In another embodiment, a sprayer nozzle cartridge is disclosed. The sprayer nozzle cartridge is adapted for coupling to a nozzle connector of a sprayer nozzle apparatus and for receiving a fluid from the sprayer nozzle apparatus. The sprayer nozzle apparatus includes an adjustable apparatus housing for supporting the nozzle connector and a control element configured to control fluid flow. The sprayer nozzle cartridge includes a cartridge housing. A first nozzle tip having a first flow path is coupled to the cartridge housing. A second nozzle tip having a second flow path is coupled to the cartridge housing. A third nozzle tip having a third flow path is coupled to the cartridge housing. The control element selectively communicates fluid to at least one of the first flow path, the second flow path, and the third flow path. The adjustable apparatus housing and the control element can be controlled manually, remotely, or automatically.
In yet another embodiment, a sprayer nozzle cartridge is disclosed. The sprayer nozzle cartridge is adapted for coupling to a nozzle connector of a sprayer nozzle apparatus and for receiving a fluid from the sprayer nozzle apparatus. The sprayer nozzle apparatus includes an adjustable apparatus housing for supporting the nozzle connector and a control element configured to control fluid flow. The sprayer nozzle cartridge includes a cartridge housing. A plurality of nozzle tips having a plurality of flow paths are coupled to the cartridge housing. The sprayer nozzle cartridge includes a valve in fluid communication with the control element and the plurality of flow paths. The valve selectively communicates fluid to at least one of the plurality of flow paths. The adjustable apparatus housing and the control element can be controlled manually, remotely, or automatically.

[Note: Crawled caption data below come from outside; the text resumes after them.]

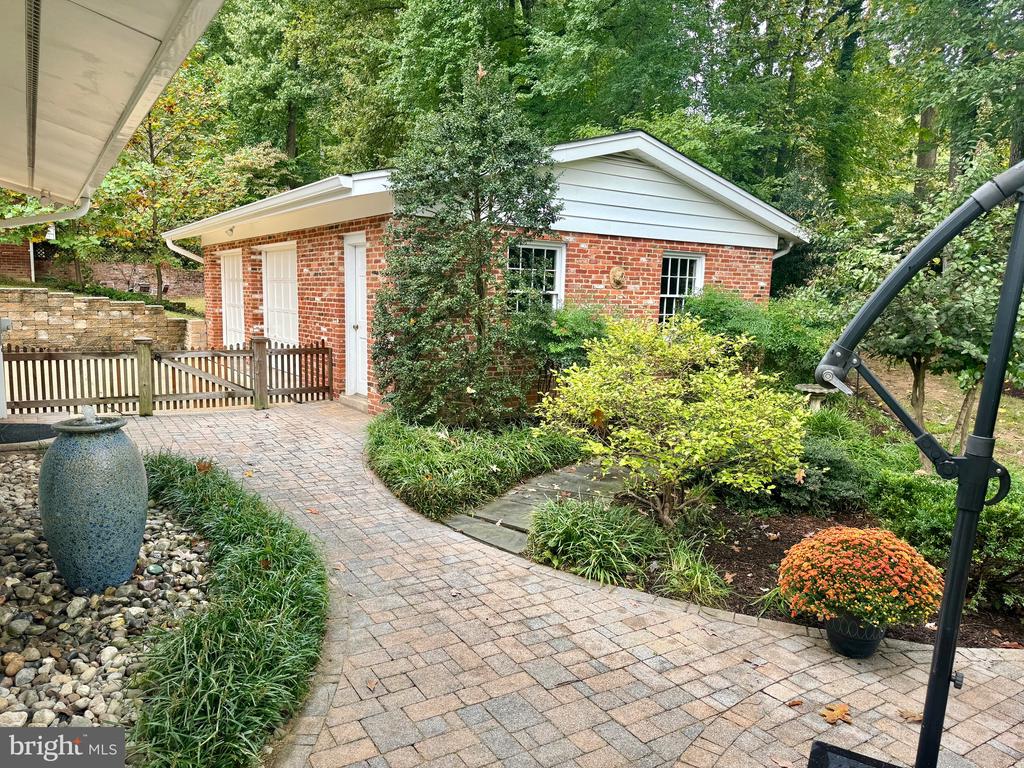 9110 Hamilton Dr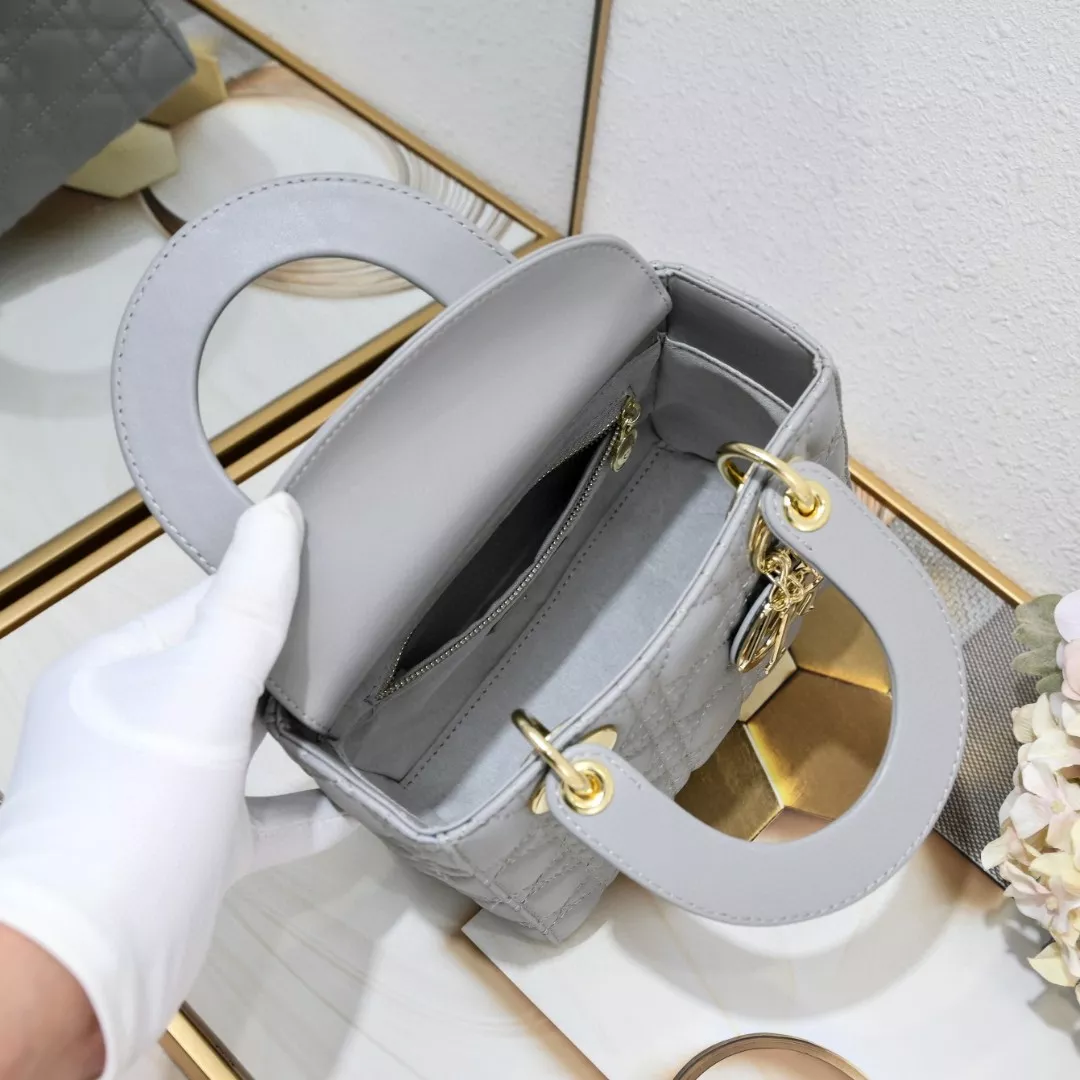 Sleek 6154 Christian Dior AAA Quality Handbags For Women - Image 8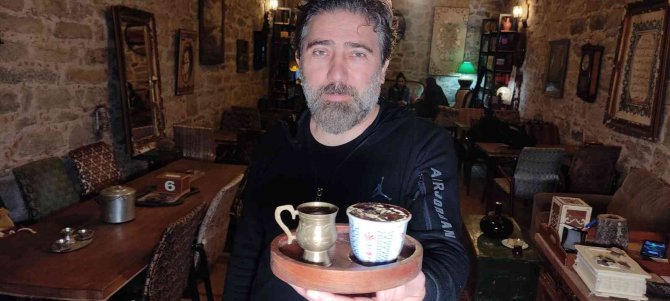 Bu Kahve Cezvesiz Pişiyor, Tadı Dillere Destan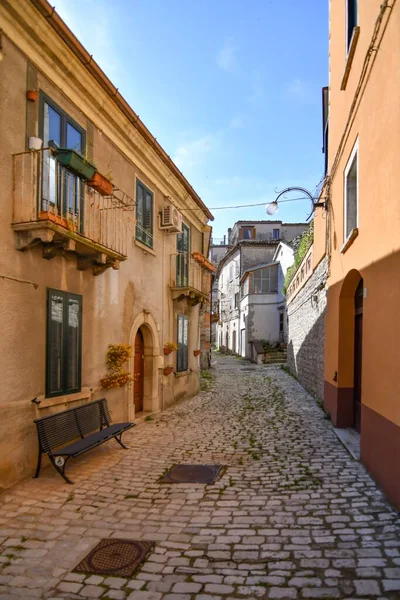 意大利莫尔科内老房子之间一条狭窄街道的垂直截图 — 图库照片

Accordingly, in one embodiment, a sprayer nozzle cartridge adapted for coupling to a nozzle connector of a sprayer nozzle apparatus and for receiving a fluid from the sprayer nozzle apparatus is provided. The sprayer nozzle apparatus comprising an apparatus housing for supporting the nozzle connector and a control element configured to control fluid flow, the sprayer nozzle cartridge comprising: a cartridge housing; a first nozzle tip comprising a first flow path, the first nozzle tip coupled to the cartridge housing; and a second nozzle tip comprising a second flow path, the second nozzle tip coupled to the cartridge housing; wherein the control element selectively communicates fluid to at least one of the first flow path and the second flow path. The control element may be configured to selectively communicate fluid to the first flow path. The control element may also be configured to selectively communicate fluid to the second flow path. The control element may further be configured to selectively communicate fluid to both the first flow path and the second flow path. The sprayer nozzle cartridge may further comprise a third nozzle tip comprising a third flow path, the third nozzle tip coupled to the cartridge housing, wherein the control element selectively communicates fluid to at least one of the first flow path, the second flow path, and the third flow path. The control element may be configured to selectively communicate fluid to the third flow path. The control element may also be configured to selectively communicate fluid to each of the first, second, and third flow paths. The control element may further be configured to selectively communicate fluid to both the first flow path and the second flow path. The control element may further also be configured to selectively communicate fluid to both the first flow path and the third flow path. The control element may further also be configured to selectively communicate fluid to both the second flow path and the third flow path.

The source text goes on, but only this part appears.